À l’international, ces disparitions en série donnent davantage une impression de fébrilité que de force, reconnaissent les experts interrogés par France 24. L’ambassadeur américain au Japon, Rahm Emanuel, s’est même amusé de la situation la comparant au roman “Les Dix petits nègres” d’Agatha Christie [nouvellement baptisé “Ils étaient dix”] où les personnages disparaissent les uns après les autres.
“Ce sont quand même les deux principaux ministres censés représenter la Chine sur la scène internationale – les Affaires étrangères et la Défense – qui ont disparu !”, s’exclame Marc Lanteigne.

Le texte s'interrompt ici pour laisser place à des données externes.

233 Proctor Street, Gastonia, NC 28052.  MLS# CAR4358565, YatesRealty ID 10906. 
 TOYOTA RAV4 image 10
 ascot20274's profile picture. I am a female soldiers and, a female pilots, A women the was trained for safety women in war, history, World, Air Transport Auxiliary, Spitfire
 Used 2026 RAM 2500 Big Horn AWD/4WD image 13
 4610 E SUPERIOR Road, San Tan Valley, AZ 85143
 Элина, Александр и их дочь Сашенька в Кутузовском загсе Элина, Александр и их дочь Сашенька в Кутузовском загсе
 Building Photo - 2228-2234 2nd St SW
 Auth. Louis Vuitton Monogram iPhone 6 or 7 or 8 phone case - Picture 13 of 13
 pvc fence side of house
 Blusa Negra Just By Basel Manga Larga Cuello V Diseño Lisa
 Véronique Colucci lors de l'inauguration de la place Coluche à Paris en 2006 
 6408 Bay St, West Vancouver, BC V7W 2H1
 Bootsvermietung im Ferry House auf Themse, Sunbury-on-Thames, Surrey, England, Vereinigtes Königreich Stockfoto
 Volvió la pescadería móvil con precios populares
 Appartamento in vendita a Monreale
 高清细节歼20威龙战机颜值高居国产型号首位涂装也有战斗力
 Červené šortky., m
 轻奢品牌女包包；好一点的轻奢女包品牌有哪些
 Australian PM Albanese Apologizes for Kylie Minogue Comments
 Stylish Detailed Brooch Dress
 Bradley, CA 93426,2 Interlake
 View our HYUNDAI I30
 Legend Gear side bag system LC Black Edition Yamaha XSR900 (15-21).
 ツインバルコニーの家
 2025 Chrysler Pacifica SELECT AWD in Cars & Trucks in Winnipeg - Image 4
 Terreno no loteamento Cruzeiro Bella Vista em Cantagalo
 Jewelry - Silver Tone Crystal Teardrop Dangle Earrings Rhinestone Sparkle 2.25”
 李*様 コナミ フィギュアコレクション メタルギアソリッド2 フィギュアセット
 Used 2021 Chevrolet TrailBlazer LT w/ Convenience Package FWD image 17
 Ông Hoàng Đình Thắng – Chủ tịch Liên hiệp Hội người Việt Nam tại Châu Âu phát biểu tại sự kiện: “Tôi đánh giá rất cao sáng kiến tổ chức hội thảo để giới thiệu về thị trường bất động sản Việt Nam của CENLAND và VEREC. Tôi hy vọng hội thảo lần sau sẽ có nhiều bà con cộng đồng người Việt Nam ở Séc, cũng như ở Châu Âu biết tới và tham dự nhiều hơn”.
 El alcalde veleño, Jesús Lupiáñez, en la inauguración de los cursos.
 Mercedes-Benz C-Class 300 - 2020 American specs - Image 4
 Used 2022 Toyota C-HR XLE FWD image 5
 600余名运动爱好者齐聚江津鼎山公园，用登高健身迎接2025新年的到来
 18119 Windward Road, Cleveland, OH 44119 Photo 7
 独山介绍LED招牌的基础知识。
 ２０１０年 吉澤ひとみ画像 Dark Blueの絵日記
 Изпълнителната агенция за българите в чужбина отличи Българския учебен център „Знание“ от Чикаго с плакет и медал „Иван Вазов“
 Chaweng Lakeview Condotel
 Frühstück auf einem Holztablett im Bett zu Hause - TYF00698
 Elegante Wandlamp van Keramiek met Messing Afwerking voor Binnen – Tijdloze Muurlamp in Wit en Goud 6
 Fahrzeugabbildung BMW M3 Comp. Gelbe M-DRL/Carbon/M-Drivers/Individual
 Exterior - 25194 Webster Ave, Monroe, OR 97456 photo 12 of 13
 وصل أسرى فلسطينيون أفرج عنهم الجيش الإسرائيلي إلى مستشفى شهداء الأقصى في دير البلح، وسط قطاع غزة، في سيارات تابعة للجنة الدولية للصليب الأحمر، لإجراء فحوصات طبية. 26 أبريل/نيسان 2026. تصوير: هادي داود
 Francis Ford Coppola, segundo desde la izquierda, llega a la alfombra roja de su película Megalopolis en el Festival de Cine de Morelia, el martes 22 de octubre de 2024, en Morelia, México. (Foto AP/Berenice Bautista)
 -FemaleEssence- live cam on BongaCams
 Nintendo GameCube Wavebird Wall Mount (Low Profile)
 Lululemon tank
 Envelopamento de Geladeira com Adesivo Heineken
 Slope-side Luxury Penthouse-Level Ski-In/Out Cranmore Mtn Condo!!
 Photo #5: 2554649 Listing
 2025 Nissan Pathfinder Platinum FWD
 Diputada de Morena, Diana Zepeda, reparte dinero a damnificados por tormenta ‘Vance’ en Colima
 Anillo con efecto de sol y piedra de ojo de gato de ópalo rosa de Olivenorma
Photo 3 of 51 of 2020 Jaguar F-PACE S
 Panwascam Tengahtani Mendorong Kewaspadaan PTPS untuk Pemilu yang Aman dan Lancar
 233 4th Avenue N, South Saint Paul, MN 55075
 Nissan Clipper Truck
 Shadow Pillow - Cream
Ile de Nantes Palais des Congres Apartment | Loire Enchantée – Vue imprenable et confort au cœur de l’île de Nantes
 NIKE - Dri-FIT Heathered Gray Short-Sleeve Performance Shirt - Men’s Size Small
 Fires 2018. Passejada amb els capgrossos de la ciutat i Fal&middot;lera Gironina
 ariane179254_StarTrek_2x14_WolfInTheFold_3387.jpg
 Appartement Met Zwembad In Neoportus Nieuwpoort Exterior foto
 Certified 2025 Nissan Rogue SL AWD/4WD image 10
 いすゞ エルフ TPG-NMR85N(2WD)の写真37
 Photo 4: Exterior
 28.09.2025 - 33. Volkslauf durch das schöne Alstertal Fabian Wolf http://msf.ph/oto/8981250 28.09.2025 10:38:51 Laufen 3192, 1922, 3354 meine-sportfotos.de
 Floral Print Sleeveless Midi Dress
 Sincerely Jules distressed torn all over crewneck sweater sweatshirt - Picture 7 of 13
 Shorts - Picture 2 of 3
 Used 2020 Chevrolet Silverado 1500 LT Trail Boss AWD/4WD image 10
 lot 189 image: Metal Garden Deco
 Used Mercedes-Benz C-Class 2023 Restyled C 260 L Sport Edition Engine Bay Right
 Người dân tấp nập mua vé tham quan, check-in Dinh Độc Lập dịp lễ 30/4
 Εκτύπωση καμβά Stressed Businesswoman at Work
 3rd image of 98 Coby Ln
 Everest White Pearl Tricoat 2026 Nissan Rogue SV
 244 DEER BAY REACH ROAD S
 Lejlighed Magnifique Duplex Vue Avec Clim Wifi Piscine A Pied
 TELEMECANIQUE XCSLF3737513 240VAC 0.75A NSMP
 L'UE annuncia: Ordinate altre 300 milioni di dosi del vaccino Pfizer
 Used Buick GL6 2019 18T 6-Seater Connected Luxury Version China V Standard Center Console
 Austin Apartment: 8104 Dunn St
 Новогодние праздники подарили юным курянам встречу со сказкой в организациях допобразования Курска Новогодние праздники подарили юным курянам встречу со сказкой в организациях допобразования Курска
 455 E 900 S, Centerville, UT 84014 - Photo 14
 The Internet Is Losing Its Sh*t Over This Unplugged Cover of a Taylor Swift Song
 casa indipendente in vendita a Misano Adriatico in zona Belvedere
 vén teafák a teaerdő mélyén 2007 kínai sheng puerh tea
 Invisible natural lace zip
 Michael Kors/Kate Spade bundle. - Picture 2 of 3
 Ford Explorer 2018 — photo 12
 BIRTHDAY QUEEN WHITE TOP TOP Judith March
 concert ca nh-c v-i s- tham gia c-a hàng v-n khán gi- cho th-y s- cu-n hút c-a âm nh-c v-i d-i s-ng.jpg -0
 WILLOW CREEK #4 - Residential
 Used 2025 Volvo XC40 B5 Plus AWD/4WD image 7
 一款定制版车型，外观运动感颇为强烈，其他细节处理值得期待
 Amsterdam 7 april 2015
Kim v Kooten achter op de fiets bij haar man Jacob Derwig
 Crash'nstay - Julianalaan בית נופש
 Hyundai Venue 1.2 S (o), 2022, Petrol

D’un point de vue diplomatique, “on ne sait plus trop à quelle parole se fier, si les ministres peuvent ainsi disparaître du jour au lendemain”, ajoute Carlotta Rinaudo.
La probable mise à l’écart du ministre de la Défense pourrait cependant se révéler bénéfique in fine pour Pékin. En effet, Li Shangfu est depuis 2018 sur la liste des personnalités visées par des sanctions américaines pour avoir vendu de l’équipement militaire à des entités russes également sanctionnées par Washington. Autrement dit : “Dans le contexte actuel des tensions sino-américaines, il n’était pas le meilleur interlocuteur pour apaiser les relations avec Washington”, en déduit Carlotta Rinaudo.
Il était aussi un “faucon ayant multiplié les déclarations très agressives sur les revendications chinoises en mer de Chine et sur les relations avec l’Occident”, ajoute Marc Lanteigne. Pour cet expert, la nomination du successeur de Li Shangfu sera un très bon indicateur de l’état d’esprit de Xi Jinping. Si le poste devait revenir à un modéré, ce serait le signe que Pékin souhaite améliorer ses relations avec Washington.